El Festival Cinélatino de Toulouse es el mejor lugar en Europa para sentir el pulso del cine que se dirige y se produce en América Latina. De hecho, ahí está la puerta que se encuentra al final del pasadizo secreto que comunica los cines de ambos continentes.
Más allá de los lugares comunes que pringan Latinoamérica y su cine de condescendencia, la programación del Cinélatino de Toulouse apuesta por películas de calidad y promueve que un sinfín de nuevos autores sean revelados (¿rebelados?) en Europa. Festivales como el de Toulouse permiten comprobar hasta qué punto es importante que estos cineastas estén acompañados. ¿Dónde quedarían todos esos maravillosos cineastas sobre los que no se proyecta foco alguno? Mejor dicho, ¿dónde quedan?
Dos obras maravillosas, presentadas fuera de competición, marcan un antes y un después en la historia del cine latinoamericano y, si se me permite, de la historia del cine en general, que sobre eso hemos venido a hablar al fin y al cabo.
La primera se titula La Flor, dura catorce horas y media y fue dirigida por un genio argentino llamado Mariano Llinás. Diez años de rodaje después, la película está dividida en cuatro partes y presenta seis episodios protagonizados por las presencias y las ausencias de cuatro actrices: Elisa Carricajo, Valeria Correa, Pilar Gamboa y Laura Paredes. Las cuatro, componentes del colectivo Piel de Lava. Cuatro historias, cuatro pétalos, que empiezan sin que se les conceda ningún final (¿es posible que los personajes hayan conocido un final sin que nos sea revelado a nosotros, los espectadores?). Una historia en el corazón del polen que empieza y acaba, un homenaje a Une partie de campagne, del eterno Jean Renoir. Al final, el tallo, una historia que empieza por la mitad y termina encontrando un final.
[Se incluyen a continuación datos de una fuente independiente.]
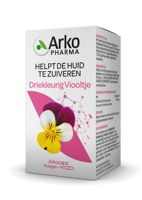 Arkocaps Driekleurig Viooltje Capsules 45st - thumbnail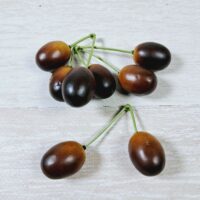 Оливки 2,5см бежево-коричневi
Enfrente se encuentra otra película excepcional. Se titula La Casa Lobo y fue dirigida por dos artistas visuales chilenos: Cristóbal León y Joaquín Cociña. Cinco años de rodaje en una película realizada con los medios de la animación y de la stop-motion. La Colonia Dignidad, lugar de infausta memoria en Chile, fue fundada por un miserable llamado Paul Schäfer, conocido por su ideología nazi y sus tendencias pedófilas. Cociña y León, al no poder acceder a los archivos audiovisuales de la Colonia Dignidad, decidieron realizar un simulacro de vídeo institucional de la colonia que hiela la sangre y que, al mismo tiempo, alivia la memoria de las víctimas que allí sufrieron cautiverio.
Ambas películas son diferentes pero son iguales en lo esencial: comparten el deseo por el cine y una voluntad de hierro para llegar hasta las últimas consecuencias de su propuesta. Asimismo, son dos películas extremadamente alejadas de los sermones y de los tópicos. Son el resultado del alumbramiento de un cine realizado en gerundio. Ausente en un número demasiado grande de directores de cine, la capacidad de experimentar y de maravillarse ante el imprevisto permite el nacimiento de las obras más fascinantes y complejas.